- Theatrical release poster
- Directed by: Mani Masserat-Agah
- Written by: Jens Jonsson
- Produced by: Christian Holm and Mani Maserrat-Agah (co-producers) Christer Nilson, Lena Rehnberg, Olle Wirenhed (executive producers)
- Starring: Poyan Karimi Chanelle Lindell Oliver Wahlgren-Ingrosso
- Cinematography: Andréas Lennartsson
- Edited by: Kristin Grundström
- Music by: Martin Willert
- Distributed by: Götafilm
- Release date: August 3, 2007;
- Running time: 86 minutes
- Country: Sweden
- Languages: Swedish, English, Persian, Italian

= Ciao Bella (film) =

Ciao Bella is a 2007 Swedish film directed by Mani Masserat-Agah. It is the Iranian-Swedish director's first feature film.

==Synopsis==
Gothenburg is host for an international soccer tournament called the Gothia Cup where teams from Sweden and various other countries are competing. A 16-year-old Swedish soccer player, from an immigrant family of Iranian origin, Mustafa Moradi from Lerum (played by Poyan Karimi), is yearning for love, but he is just too "nerdy" and lacks self-confidence to develop meaningful relationships and is downright intimidated by the girls who just want to have him as a "friend" but not as a lover.

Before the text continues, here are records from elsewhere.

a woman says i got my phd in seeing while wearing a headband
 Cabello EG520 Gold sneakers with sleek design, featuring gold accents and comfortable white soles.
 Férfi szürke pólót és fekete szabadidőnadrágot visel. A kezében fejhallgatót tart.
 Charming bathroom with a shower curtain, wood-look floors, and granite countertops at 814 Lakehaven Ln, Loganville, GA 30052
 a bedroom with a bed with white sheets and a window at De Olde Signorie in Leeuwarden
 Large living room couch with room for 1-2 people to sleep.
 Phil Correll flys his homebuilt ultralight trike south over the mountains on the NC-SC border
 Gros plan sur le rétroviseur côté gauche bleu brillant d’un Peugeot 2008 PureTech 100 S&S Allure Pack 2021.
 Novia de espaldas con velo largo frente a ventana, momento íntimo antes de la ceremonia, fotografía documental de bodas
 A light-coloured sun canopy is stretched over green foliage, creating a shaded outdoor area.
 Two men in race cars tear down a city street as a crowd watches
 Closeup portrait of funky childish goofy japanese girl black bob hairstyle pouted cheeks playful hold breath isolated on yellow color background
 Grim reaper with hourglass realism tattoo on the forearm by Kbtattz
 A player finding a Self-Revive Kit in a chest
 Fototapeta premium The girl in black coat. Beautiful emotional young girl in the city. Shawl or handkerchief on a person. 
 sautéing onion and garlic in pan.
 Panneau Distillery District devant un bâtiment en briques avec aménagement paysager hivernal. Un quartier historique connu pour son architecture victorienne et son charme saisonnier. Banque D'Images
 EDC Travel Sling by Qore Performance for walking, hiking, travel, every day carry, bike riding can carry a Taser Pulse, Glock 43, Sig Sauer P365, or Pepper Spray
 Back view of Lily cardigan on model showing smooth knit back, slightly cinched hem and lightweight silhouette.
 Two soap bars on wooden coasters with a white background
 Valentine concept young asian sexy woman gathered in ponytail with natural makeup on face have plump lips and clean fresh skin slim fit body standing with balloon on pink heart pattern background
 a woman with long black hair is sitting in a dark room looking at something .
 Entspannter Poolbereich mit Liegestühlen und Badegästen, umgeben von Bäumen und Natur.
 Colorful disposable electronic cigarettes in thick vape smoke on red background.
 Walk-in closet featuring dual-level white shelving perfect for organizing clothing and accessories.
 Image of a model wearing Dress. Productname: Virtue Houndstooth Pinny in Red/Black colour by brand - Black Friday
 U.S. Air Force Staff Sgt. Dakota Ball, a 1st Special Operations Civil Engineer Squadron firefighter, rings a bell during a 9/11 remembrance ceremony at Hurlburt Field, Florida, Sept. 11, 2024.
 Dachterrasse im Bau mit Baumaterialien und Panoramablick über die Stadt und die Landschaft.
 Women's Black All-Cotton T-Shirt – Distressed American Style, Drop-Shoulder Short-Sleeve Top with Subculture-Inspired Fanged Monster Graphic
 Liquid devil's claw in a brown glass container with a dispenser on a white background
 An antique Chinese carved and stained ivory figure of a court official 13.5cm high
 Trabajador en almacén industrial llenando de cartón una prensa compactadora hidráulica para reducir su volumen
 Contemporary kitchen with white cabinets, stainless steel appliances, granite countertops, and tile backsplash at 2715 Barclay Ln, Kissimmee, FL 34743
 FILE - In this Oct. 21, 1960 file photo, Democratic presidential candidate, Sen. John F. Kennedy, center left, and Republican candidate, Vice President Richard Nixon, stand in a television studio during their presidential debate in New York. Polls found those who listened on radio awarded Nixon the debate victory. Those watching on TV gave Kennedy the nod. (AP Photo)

Mustafa has entered with his team in the tournament where he meets a visiting team from Italy who happen to need an "extra". So he wears a #10 jersey as "Massimo" and begins practicing with them. Soon he discovers a sudden surge in his popularity by just changing his name to something Italian. Encouraged by his initial success, he tries to conceal his Iranian identity and develop an Italian persona convinced this is his chance with the girls attending the Cup games.

He is "groomed" to "become an Italian" by one of the stylish Italian players called Enrico (played by Oliver Wahlgren-Ingrosso) who gladly volunteers, but cautioning him not to fall in love with girls he goes out with. Mustafa and Enrico are clearly attracted to each other and a male bond develops between the two as Enrico's fascination for Mustafa grows.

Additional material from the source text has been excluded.